Answere. To the first they Answere that the winter is the most healthfull time and season for arrivall of new Commoners. True itt is that as yett theris no Guesthouse… for any dyinge in the fields (through this defecte) and lyinge unburied, wee are altogether ignorant, yett that many dy suddenly by the hand of God, wee often see itt to fall out even in this flourishinge and plentiful Citty [London] in the middest of our streets, as for dyinge under hedges thereis noe hedge in all Virginia.
It’s a sign of how truly shitty things were that this was the best the Virginia Company’s spinmasters could do with the existing facts. Rumors of people dying under hedges in Virginia are exaggerated, because there are no hedges in Virginia! Step right up!
Eventually, in 1623, the Crown decided to take Jamestown off the Company’s hands and turn it into a royal colony. The settlement’s expansion, in conjunction with the booming tobacco industry, had led to deeper and deeper encroachments into Indian lands, which led the Indians to launch a coordinated massacre of nearly a quarter (347) of the English settlers. (This massacre was organized by chief Opechancanough, whom some historians believe was the same person as, or a close relative of, the mysterious “Don Luis” who had returned with the Spanish Franciscans in 1570). As England’s territorial ambitions in the New World became more expansive, and diplomacy with the Indians broke down, the Crown wanted tighter control over the development of the colony. Although Jamestown’s life as a company town was over, it continued as a royal colony for about 50 more years, before being burned down during Bacon’s Rebellion, a popular uprising animated by a combination of anti-elite and anti-Indian sentiment.

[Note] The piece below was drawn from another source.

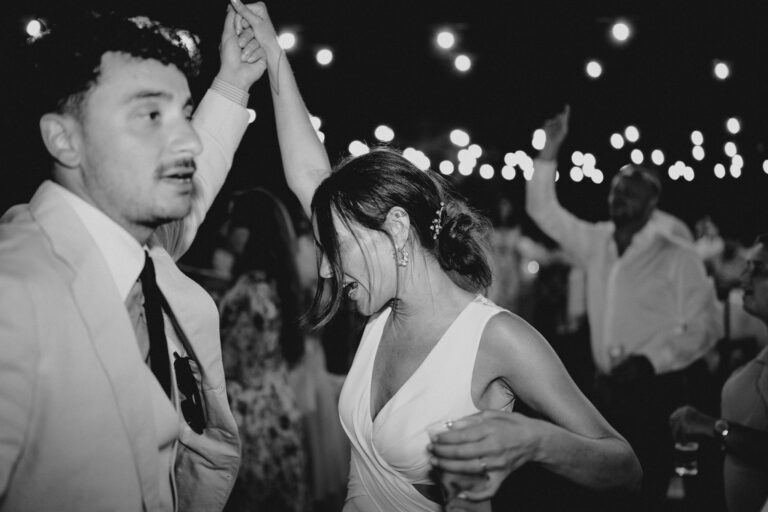 Dance floor close moment, black and white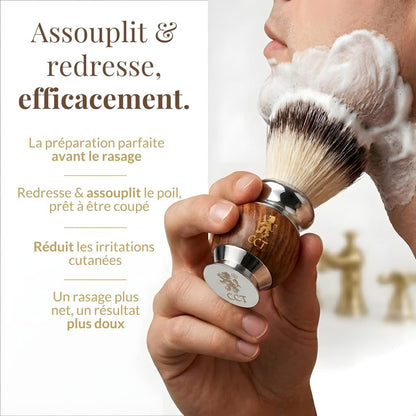 The Cambridge Cut Throat Blaireau Rasage De Haute Qualité Pour Hommes En Bois Et Acier Inoxydable, Poils Végétaliens Synthétiques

So why would a Jamestown-themed holiday be better than a Plymouth-themed holiday? Firstly, the story of Jamestown captures many important American values, such as: showing up in a home that is not your own, and wondering where all the food is already. Secondly, what better way to really ratchet up the tension at an awkward family gathering than by drawing straws to see whose child will get cooked for dinner? (The eating-other-humans-out-of-bitter-necessity period of Jamestown history is officially known as “The Starving Time,” incidentally, which is also a way better name for an eating-centered holiday than “Thanksgiving.”)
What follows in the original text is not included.